Bahman Gharesifard |
Fall 2013 |
Welcome to Signals and Systems! The main reference for this course is the book (A Mathematical Introduction to Signals and Systems, by Andrew D. Lewis). Lecture notes are provided here, mainly to guide you through the book. A major part of the materials presented in these notes are the expanded versions of the slides previously used to teach this course. Of course, at times, we might trade precision for intuition (bad practice), but hopefully these notes help answering the question: which parts of these two volumes do I need to know about?
As you will realize, our journey through this book is not chronological; we rather adapt an efficient path
which would allow us to grab enough structures from different chapters in order to be
able to study signals (and systems).
Signals (and Systems):
In this course, we are supposed to learn about signals,
and also a little bit about
systems.
But let us quickly review, with loss of precision, what we are really going to study.
We are not aiming to be mathematically precise in our description, so you will need to wait until later in the course
when, hopefully, the next paragraph makes sense to you.
Signals are really just functions,
with some physical meaning. Given this, we quickly realize
that studying them entails learning about appropriate spaces of functions. Well, we haven't defined what
we mean by space of functions,
but given your background in linear algebra
and real analysis,
you might guess, correctly, that what we need to put in place to address these
precisely are appropriate
algebraic
and analytical (well, topological) structures.
Let us describe this a bit further, in case you do not have any idea about what we mean by
algebraic and topological. One can loosely think of the algebraic structure required here
as an analog of what you have learnt in your linear algebra course as
vector spaces.
Your knowledge of vector spaces will come short, as soon as we
face infinite-dimensional spaces.
We will spend a great deal of time learning about the differences
and similarities of finite- and infinite-dimensional spaces. In
order to perform anything useful with signals, we need to equip
our algebraic structure with an additional structure (topological) which associates a notion of size to our signals,
and allows us to, roughly speaking, measure things.
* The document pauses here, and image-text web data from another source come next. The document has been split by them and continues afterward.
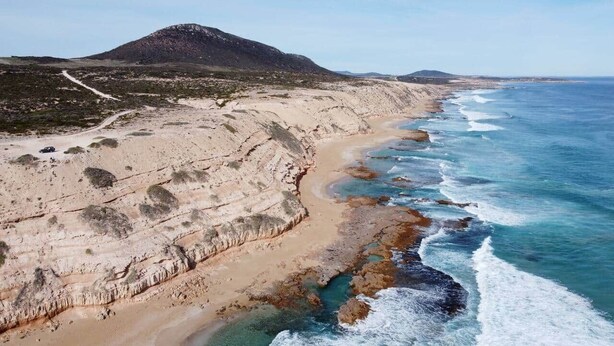 A coastal landscape with a sandy beach, rocky cliffs, and a mountain in the background.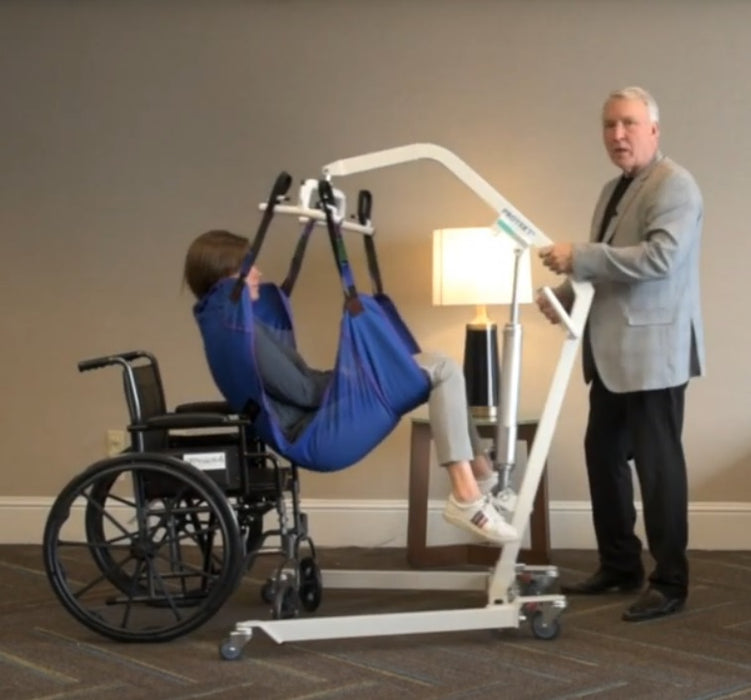 Proactive Medical Protekt® Transformer Hydraulic Patient Lift With Patient And Caregiver In Wheelchair Transfer View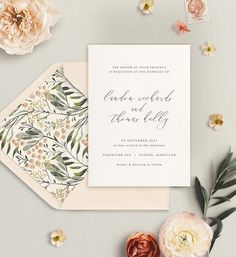 the wedding stationery is laid out next to flowers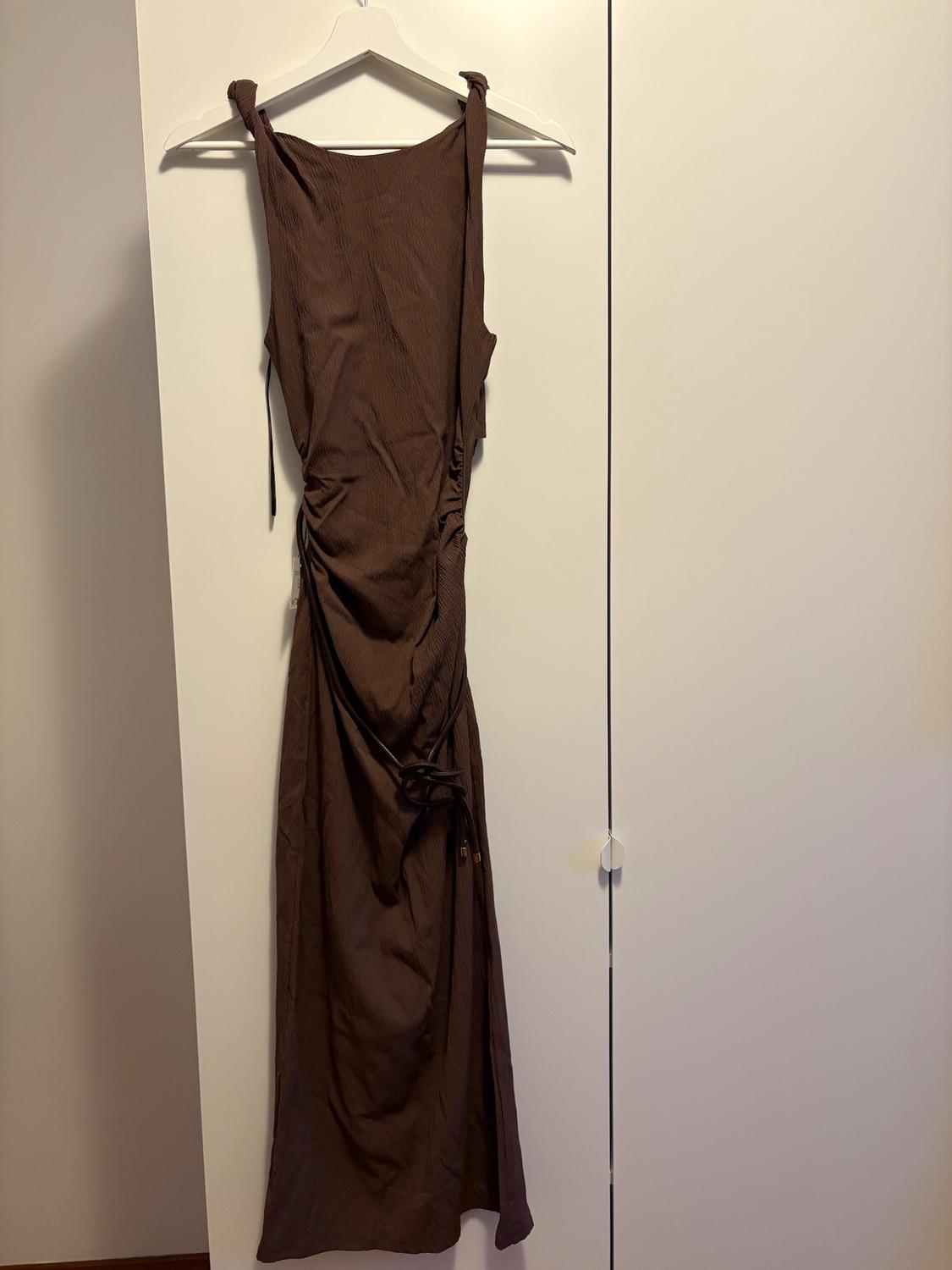 Sleeveless brown dress hanging on a white hanger in front of a white wardrobe. Fitted design with side ruching detail.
This relates what we are studying to your real analysis course.
After we equipped ourselves with enough structure, we finally start doing some "useful" stuff with signals,
in particular, we learn how to transform them and give a so-called
frequency-domain representations.
We hopefully agree that these transformations are useful.
You could use this paragraph at any point in the course that you ask yourself the question:
what does ... have to do with signals?
Hopefully, at least for most of you, the richness of the structures put in place to study
infinite-dimensional spaces would be the fascinating part of this course.